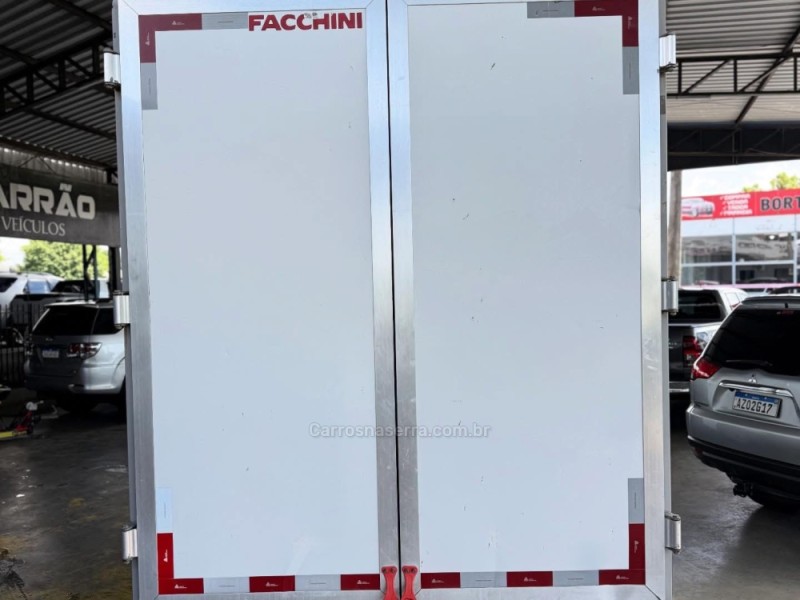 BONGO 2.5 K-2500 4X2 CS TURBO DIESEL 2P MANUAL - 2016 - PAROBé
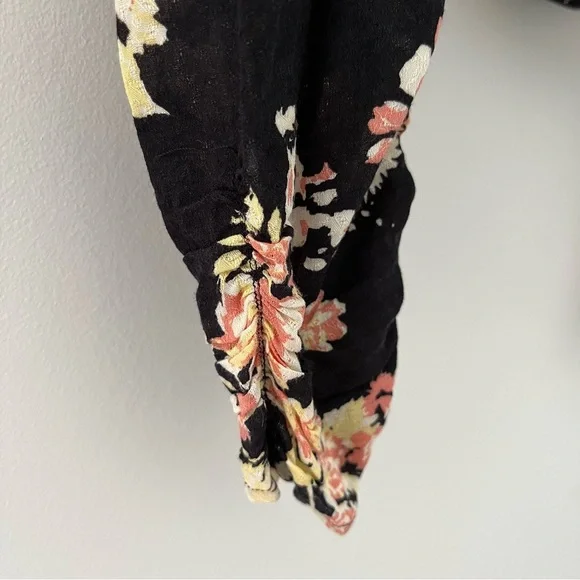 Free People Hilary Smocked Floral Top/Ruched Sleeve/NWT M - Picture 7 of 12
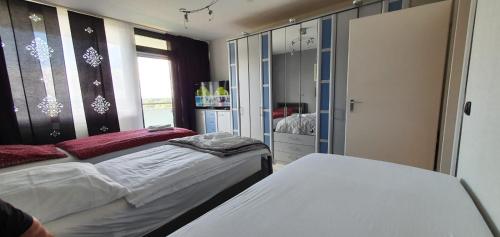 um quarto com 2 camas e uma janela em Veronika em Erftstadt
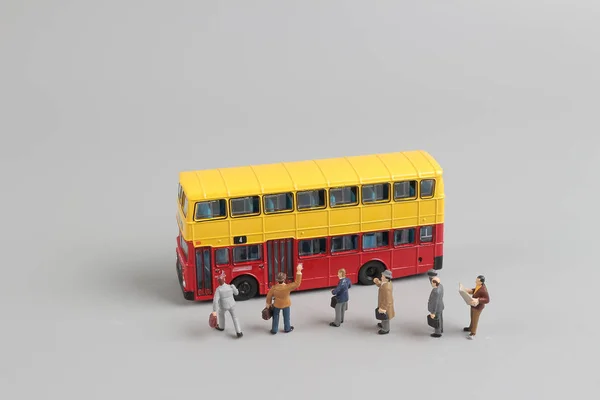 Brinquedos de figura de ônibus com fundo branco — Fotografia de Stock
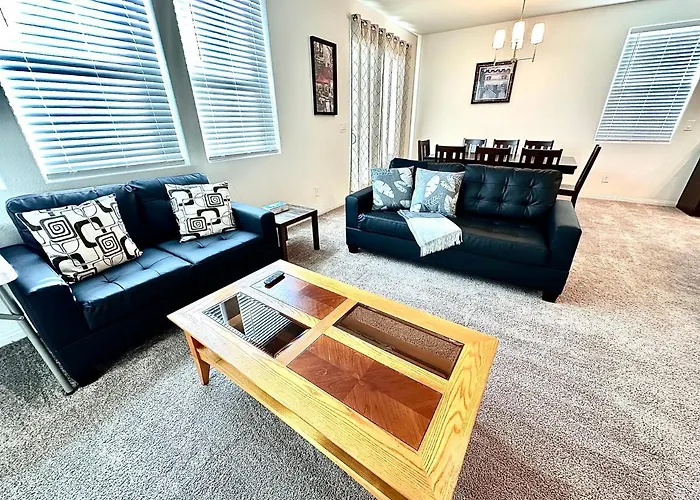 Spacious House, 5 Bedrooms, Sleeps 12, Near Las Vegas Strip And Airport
-=-=-
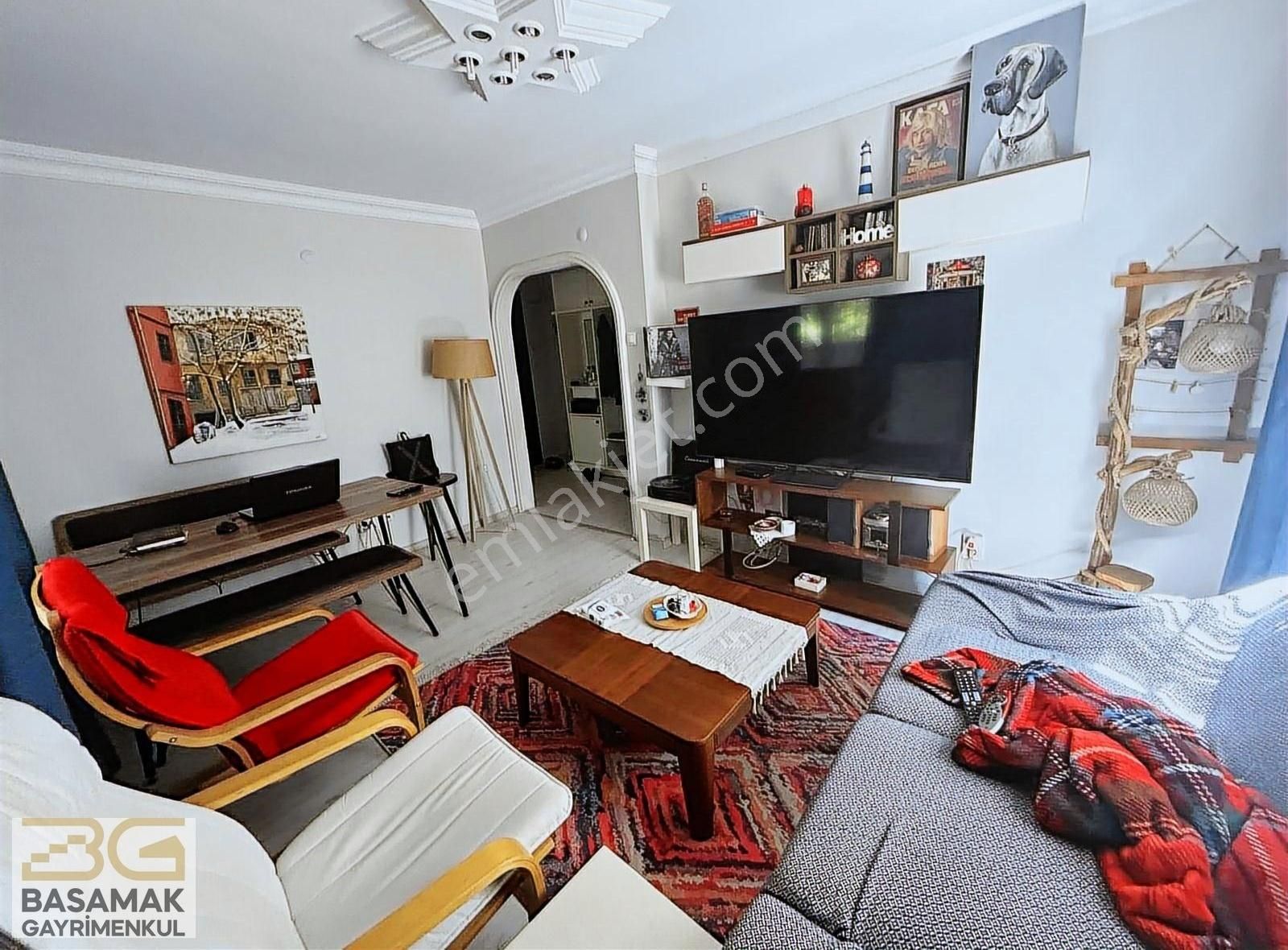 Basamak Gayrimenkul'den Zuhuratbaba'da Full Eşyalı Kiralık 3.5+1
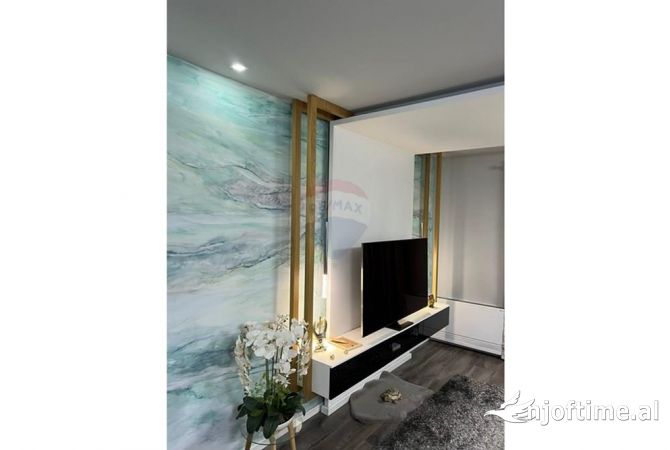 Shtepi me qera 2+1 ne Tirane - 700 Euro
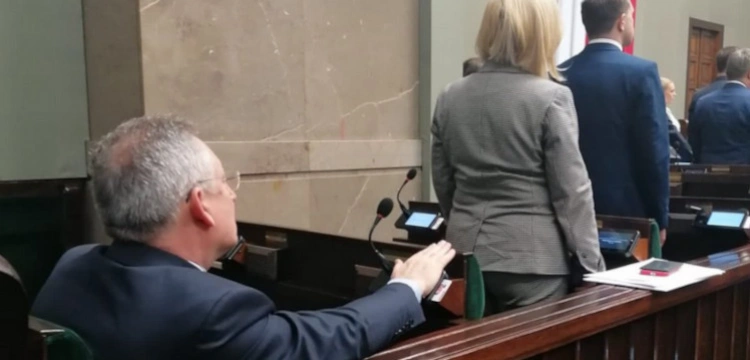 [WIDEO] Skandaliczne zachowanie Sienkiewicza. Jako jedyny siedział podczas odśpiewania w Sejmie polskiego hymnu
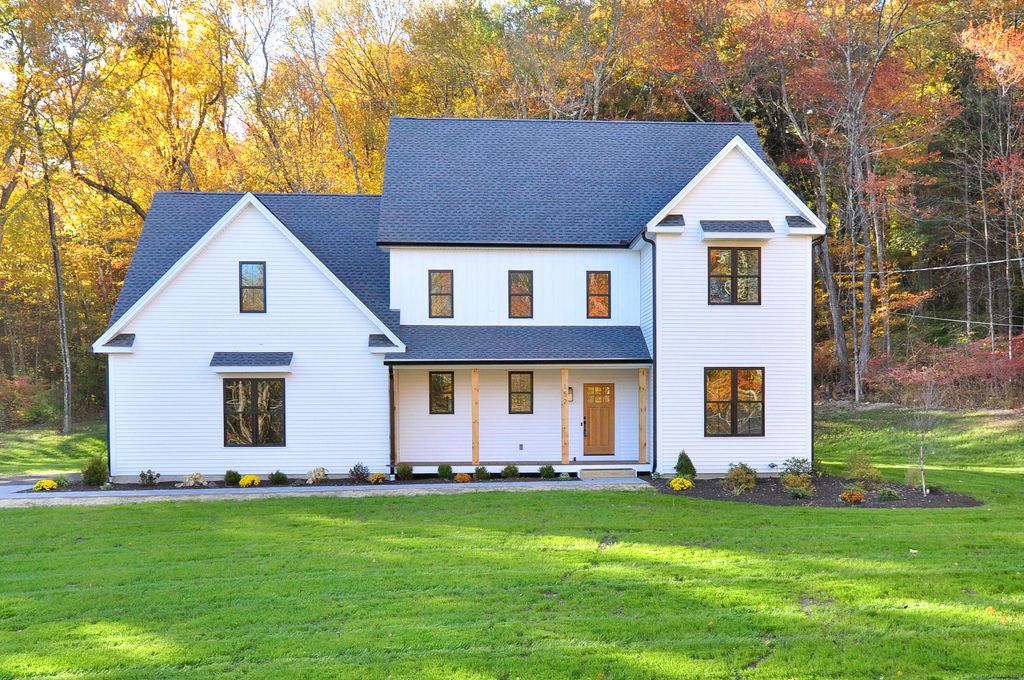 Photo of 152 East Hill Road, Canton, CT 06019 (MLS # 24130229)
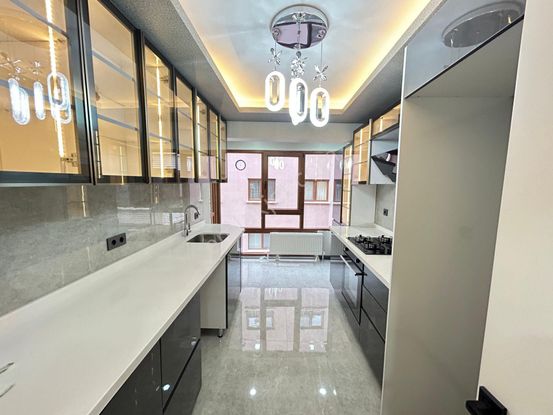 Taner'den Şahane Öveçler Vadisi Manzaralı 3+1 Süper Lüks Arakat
-=-=-
§ **Exercise requirements**
Given the listing above, repeat exactly the lines starting at the one with "BONGO 2.5 K-2500" and ending at the one with "Spacious House, 5", inclusive, excluding pictures.

§ **Exercise answer**
 BONGO 2.5 K-2500 4X2 CS TURBO DIESEL 2P MANUAL - 2016 - PAROBé
 Free People Hilary Smocked Floral Top/Ruched Sleeve/NWT M - Picture 7 of 12
 um quarto com 2 camas e uma janela em Veronika em Erftstadt
 Brinquedos de figura de ônibus com fundo branco — Fotografia de Stock
 Spacious House, 5 Bedrooms, Sleeps 12, Near Las Vegas Strip And Airport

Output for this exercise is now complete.